À propos —
L’artiste québécoise Cynthia Girard-Renard est bien connue pour son approche décalée teintant tout autant ses œuvres visuelles, performatives que littéraires. La récente série de portraits satiriques rassemblés dans cette exposition met en scène des animaux aux comportements humains, auxquels fait écho un mobile qui prête voix à ses personnages. Élevés au rang d’acteurs historiques selon la hiérarchie des genres en peinture, ces animaux affichent joyeusement leurs désaccords. Appelant à la révolte ou démasquant les dérives autoritaires, ils font suite à leurs illustres prédécesseurs, Hannah Arendt, Frantz Fanon ou Donna Haraway. L’humour, la caricature, le retournement de situations sont les principes selon lesquels Girard-Renard opère, séduisant par ses couleurs vives et ses motifs enfantins pour mieux surprendre le lecteur, attentif à décoder les saynètes qu’elle imagine afin de commenter les maux de notre société.
Le titre de cette exposition, qui est aussi celui du corpus de toiles, est un clin d’œil au film anthropologique Les Maîtres fous (1955) de Jean Rouch, documentant de manière créative, subjective et participative les pratiques rituelles des adeptes du culte Hauka à Accra, alors la capitale coloniale du Ghana. Par l’imitation et l’appropriation de symboles du pouvoir colonial lors de cérémonies religieuses, les protagonistes africains, filmés en toute connaissance de cause, rendent exotiques et étrangères ces coutumes britanniques auxquelles un regard occidental est habitué au point de ne plus y associer la violence dont elles sont, pourtant, une affirmation. Qui se joue de qui dans ce théâtre ambigu où la mimesis frôle l’effronterie ? Car c’est bien par le détournement de symboles libérés grâce à des associations improbables et irrévérencieuses que se manifeste le pouvoir d’action ou de résistance de l’altérité – les animaux, la terre, les migrants. Cette tension productive nourrit les œuvres de Girard-Renard et sert de principe d’articulation au mélange festif mis en scène par l’artiste.
Si les fables de la Fontaine ou les contes de Perrault s’affichaient clairement comme des récits pédagogiques, visant la transmission d’une morale généralement accessible, les œuvres de Girard-Renard refusent cette posture didactique trop sûre d’elle-même. Les bouches avides, les regards fixes, les personnages flottant sur un fond prêt à les aspirer ou à les propulser, les couleurs sucrées jusqu’à l’écœurement, finissent par laisser transparaître un malaise.

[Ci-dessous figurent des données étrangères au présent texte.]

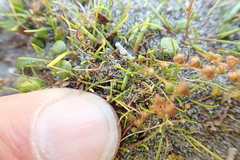 Isolepis basilaris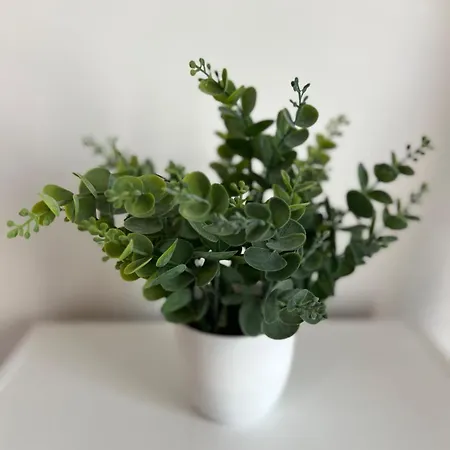 Maison Capucine Hébergement de vacances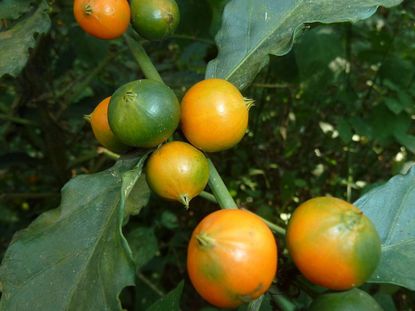 African Gardenia Plant With Orange-Green Fruits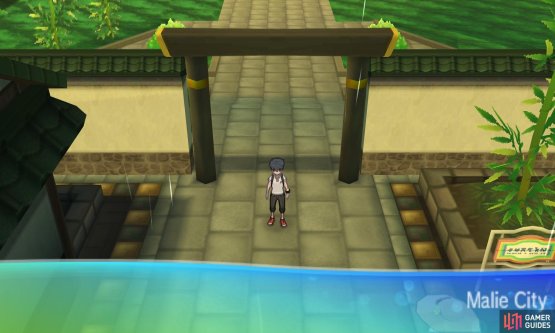 Your tour of Malie City begins in earnest!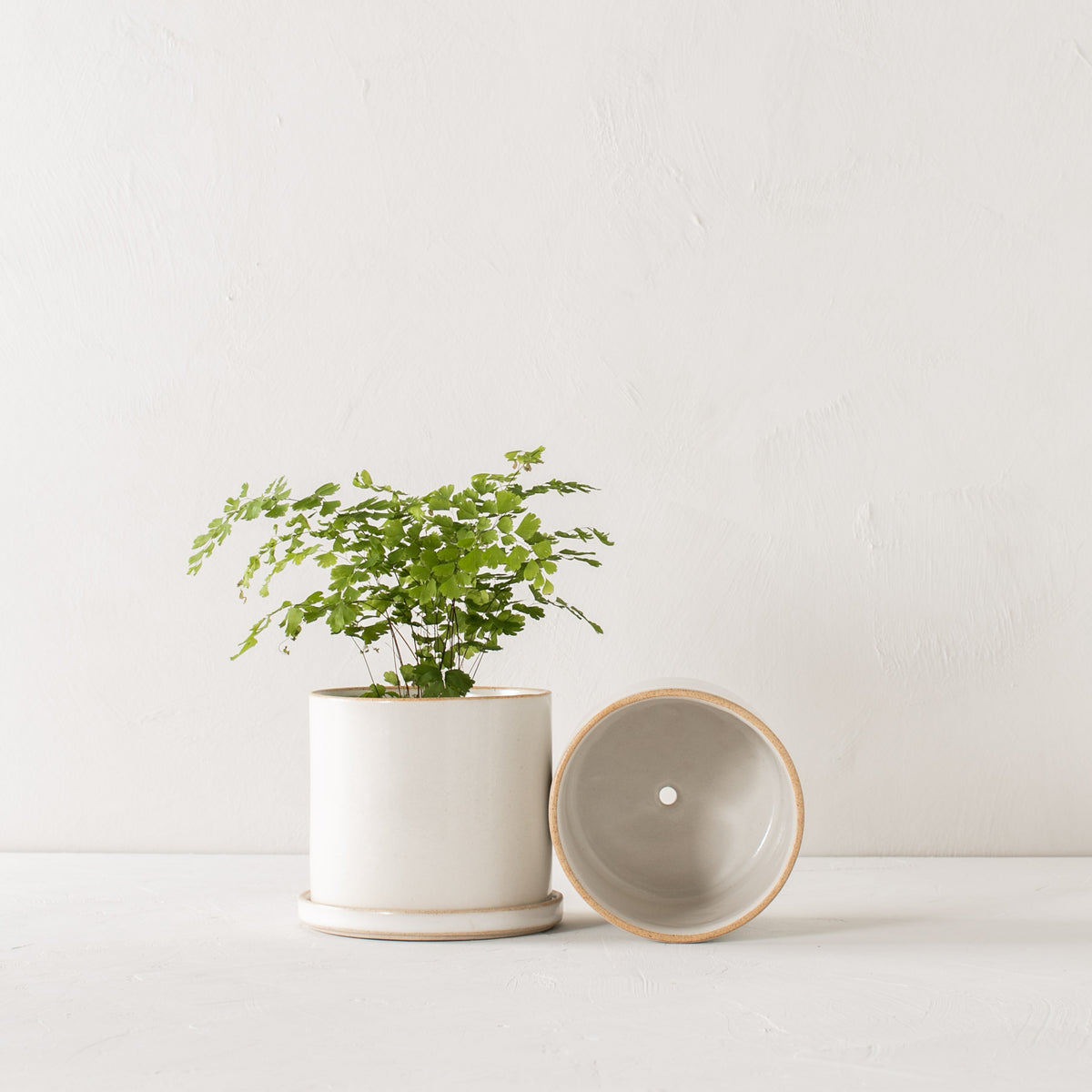 nesta ceramic pot planter Minimal Ceramic Planter - 6 inch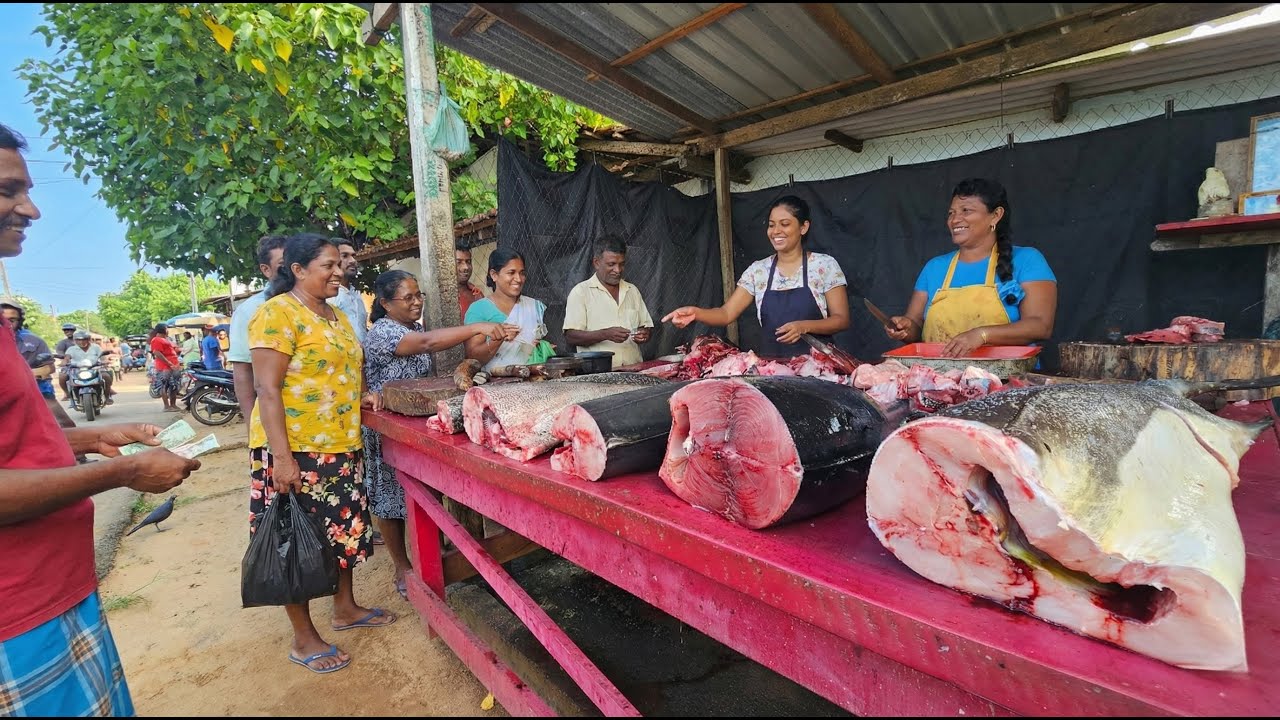 Wow! Sri Lanka Market Rhythms Soundscapes of a Bustling Village Fish Market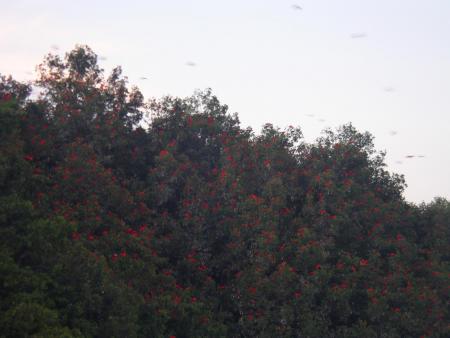 ibis island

Celui d’une société privilégiée et individualiste centrée sur ses besoins, engagée dans un processus d’exploitation outrancier et qui, par ses actions autophages, fonce gaiement et à tout allure dans un mur !
Biographie —
Artiste visuelle et poète, Cynthia Girard-Renard détient une maîtrise en beaux-arts du Goldsmiths College à Londres (1998). Elle et vit et travaille à Montréal, où elle est professeure en arts visuels. Depuis plus de vingt ans, son travail est présenté au Canada et à l’international. Elle est récipiendaire de plusieurs bourses, telles que celles du Conseil des Arts du Canada et du Conseil des arts et de lettres du Québec pour des résidences à Berlin ainsi qu’à Londres. Ses œuvres se retrouvent dans les collections du Musée d’art contemporain de Montréal, du Musée national des beaux-arts du Québec, du Ministère des affaires étrangères du Canada, de la galerie de l’Université Carleton ainsi que dans plusieurs collections privées. Elle est représentée par la Galerie Hugues Charbonneau à Montréal.